*About this exercise*
Go through the entries below and print, exactly, the lines starting at the one with "Quinn Vase with" and ending at the one with "Cute Happy Chicken Embroidery Design", keeping both ends and no others.

Scraped caption text data
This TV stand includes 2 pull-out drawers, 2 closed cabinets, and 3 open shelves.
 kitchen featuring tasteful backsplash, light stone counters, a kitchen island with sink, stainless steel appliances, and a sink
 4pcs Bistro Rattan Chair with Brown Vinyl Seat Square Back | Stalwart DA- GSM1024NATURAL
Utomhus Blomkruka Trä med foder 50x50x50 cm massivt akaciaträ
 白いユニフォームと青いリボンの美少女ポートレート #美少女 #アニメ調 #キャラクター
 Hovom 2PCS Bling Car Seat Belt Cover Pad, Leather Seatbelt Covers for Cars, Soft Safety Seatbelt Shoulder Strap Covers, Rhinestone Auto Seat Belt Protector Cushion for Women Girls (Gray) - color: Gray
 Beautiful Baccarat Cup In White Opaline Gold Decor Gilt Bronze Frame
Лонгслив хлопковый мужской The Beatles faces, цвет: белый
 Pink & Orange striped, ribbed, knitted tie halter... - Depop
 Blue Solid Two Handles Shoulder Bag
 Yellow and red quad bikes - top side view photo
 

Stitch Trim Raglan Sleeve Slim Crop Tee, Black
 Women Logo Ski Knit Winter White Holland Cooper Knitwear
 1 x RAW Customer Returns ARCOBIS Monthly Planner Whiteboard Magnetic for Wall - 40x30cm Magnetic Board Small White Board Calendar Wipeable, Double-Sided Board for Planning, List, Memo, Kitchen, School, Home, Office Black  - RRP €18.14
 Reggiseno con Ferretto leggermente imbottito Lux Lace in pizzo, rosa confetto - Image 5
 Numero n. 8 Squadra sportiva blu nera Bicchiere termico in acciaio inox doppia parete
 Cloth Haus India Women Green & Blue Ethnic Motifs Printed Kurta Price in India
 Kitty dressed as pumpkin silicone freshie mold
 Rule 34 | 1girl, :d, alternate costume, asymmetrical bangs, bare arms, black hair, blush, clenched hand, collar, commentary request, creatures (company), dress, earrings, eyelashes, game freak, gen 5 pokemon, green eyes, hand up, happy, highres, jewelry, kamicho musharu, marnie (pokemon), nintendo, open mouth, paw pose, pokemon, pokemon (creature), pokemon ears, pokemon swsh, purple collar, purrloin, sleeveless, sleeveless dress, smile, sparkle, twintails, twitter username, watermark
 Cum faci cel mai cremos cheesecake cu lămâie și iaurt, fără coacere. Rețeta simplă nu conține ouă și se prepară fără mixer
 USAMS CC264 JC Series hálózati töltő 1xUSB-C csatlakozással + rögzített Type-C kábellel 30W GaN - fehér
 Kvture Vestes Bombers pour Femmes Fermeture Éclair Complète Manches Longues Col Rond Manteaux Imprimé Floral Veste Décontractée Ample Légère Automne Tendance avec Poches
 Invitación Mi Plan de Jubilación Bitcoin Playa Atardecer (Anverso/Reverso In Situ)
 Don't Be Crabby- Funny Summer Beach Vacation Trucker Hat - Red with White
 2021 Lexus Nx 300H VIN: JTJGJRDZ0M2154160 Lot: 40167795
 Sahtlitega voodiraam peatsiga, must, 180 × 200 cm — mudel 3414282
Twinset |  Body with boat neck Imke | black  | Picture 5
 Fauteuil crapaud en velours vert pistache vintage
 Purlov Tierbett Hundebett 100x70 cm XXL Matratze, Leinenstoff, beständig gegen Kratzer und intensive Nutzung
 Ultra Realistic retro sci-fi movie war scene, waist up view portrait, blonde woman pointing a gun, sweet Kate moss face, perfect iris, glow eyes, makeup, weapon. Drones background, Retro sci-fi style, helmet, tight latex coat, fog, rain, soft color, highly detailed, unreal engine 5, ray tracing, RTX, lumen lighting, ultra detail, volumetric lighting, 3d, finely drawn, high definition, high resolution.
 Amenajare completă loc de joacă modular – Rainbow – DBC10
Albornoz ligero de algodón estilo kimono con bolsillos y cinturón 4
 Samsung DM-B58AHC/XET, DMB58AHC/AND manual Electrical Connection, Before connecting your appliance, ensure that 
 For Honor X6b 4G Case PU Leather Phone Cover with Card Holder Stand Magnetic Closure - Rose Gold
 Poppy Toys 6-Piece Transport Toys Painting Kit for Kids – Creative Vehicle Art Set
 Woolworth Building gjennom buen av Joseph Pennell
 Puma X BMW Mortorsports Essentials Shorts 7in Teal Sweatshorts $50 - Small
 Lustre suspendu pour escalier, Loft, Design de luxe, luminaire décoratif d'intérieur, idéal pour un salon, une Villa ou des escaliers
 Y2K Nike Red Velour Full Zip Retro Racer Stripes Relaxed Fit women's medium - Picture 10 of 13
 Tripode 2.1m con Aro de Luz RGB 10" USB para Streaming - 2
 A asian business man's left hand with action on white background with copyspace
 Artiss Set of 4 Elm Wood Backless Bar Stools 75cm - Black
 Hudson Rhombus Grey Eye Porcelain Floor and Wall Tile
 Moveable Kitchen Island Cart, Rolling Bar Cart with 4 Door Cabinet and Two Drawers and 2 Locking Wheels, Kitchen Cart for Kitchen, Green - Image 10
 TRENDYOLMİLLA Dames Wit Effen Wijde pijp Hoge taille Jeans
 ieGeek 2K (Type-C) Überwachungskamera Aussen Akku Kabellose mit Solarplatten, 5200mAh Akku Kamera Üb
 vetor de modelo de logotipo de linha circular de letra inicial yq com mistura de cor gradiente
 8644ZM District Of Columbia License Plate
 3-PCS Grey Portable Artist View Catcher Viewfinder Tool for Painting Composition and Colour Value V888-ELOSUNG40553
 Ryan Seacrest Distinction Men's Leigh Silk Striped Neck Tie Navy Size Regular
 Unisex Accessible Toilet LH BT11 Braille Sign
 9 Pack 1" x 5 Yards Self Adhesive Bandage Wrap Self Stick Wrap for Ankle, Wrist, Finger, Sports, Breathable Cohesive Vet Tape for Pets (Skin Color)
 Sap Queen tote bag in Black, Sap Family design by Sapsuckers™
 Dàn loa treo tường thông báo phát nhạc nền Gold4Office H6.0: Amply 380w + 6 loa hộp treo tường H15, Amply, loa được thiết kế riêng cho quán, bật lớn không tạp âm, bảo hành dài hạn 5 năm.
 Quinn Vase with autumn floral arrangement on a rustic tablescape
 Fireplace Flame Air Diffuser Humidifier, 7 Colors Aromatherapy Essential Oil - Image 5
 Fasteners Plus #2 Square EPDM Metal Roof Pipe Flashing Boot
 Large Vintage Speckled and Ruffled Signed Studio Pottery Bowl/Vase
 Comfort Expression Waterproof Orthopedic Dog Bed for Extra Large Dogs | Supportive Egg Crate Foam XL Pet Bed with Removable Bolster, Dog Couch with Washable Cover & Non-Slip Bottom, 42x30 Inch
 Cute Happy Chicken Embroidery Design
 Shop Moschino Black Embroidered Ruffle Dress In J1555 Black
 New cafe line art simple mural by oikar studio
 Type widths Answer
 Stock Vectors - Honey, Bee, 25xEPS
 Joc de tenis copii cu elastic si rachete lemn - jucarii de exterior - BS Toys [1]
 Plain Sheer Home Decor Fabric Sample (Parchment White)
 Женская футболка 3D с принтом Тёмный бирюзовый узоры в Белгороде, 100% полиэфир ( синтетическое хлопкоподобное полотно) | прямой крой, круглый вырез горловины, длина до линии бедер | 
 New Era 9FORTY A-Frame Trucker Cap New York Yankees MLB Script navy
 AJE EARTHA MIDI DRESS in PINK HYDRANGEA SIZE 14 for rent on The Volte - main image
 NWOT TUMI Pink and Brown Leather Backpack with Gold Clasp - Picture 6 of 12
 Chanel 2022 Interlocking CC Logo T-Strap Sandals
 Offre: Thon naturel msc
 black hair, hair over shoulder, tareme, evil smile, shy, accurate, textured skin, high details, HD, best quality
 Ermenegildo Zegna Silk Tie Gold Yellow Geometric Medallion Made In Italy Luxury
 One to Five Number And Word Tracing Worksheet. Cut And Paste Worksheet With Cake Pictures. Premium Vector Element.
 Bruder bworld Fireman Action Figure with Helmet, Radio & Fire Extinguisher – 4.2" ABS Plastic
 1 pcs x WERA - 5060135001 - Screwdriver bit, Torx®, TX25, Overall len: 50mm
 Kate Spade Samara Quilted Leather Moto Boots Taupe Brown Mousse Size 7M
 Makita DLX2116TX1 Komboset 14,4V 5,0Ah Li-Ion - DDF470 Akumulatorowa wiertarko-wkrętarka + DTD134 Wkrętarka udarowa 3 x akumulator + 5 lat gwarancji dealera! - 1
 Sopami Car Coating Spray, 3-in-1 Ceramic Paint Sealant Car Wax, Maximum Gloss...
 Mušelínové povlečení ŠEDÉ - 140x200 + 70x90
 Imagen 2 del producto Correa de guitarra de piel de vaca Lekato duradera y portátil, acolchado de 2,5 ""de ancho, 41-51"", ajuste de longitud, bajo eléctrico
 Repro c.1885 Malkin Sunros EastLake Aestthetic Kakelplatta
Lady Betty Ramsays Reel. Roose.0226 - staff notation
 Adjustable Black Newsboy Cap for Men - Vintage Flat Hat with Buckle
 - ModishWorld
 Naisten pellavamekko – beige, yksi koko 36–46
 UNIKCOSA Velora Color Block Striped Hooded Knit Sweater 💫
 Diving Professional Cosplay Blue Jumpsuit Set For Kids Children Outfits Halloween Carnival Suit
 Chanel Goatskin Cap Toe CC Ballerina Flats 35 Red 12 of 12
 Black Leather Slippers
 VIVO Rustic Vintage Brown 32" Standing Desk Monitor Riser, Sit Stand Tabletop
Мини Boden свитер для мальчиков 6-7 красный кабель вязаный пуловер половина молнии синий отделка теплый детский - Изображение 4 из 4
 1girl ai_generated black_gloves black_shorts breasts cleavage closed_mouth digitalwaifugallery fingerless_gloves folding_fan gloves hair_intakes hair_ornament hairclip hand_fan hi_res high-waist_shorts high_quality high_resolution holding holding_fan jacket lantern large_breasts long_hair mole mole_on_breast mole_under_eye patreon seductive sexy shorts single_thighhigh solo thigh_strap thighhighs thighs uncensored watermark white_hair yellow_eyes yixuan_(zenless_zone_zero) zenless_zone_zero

*Result for this exercise*
 Quinn Vase with autumn floral arrangement on a rustic tablescape
 Fireplace Flame Air Diffuser Humidifier, 7 Colors Aromatherapy Essential Oil - Image 5
 Fasteners Plus #2 Square EPDM Metal Roof Pipe Flashing Boot
 Large Vintage Speckled and Ruffled Signed Studio Pottery Bowl/Vase
 Comfort Expression Waterproof Orthopedic Dog Bed for Extra Large Dogs | Supportive Egg Crate Foam XL Pet Bed with Removable Bolster, Dog Couch with Washable Cover & Non-Slip Bottom, 42x30 Inch
 Cute Happy Chicken Embroidery Design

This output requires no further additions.